I’ve read Oliver Twist, A Christmas Carol and most of David Copperfield. Dickens has always struck me as entertaining light reading, maybe something you’d pick up at the 19th century equivalent of an airport magazine stand, but nothing of his really sticks with me, makes me ponder what it means later, or compels me to go back and read him again to see what kind of themes or symbolism I might have missed the first time around. I don’t recall ever running across any popular or scholarly debate on what he really meant by such and such, as I have for Melville, Hawthorne and even Mark Twain.
So is he just bathroom reading that has survived by happenstance, or what?
Dickens was immensely popular when he was writing.

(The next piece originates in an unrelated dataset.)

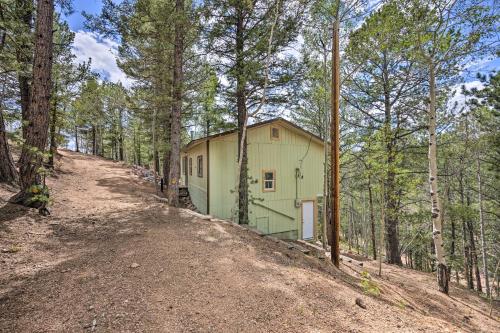Dreamy Divide Cabin with Deck and Forest View! in Cripple Creek (CO)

To some people that alone disqualifies him as a serious author. He was very sentimental and he loved a good twist and a happy ending. Try getting anyone to take you seriously if you did that today.
But the man could write. He stood the test of time in being readable and popular years after he died. It didn’t hurt getting yourself assigned as a school standard, being dramatised over and ovber on stage (and later the movies), but those things happened because he was popular in the first place. W.C. Fields desperately wanted to play Mr. micawber because he loved the book. I’ve read and re-read *A Christmas Carol * because it’s a hellluva good read. I’ve read *A Tale of Two Cities more than once because it’s a good read. Granted, I’ve slogged through a lot of dickens I’ve hated (the other Christmas books he wrote – he did four more – are awful. I loathed Hard Times, but it was assigned reading. And I couldn’t get into The Pickwick Papers at all).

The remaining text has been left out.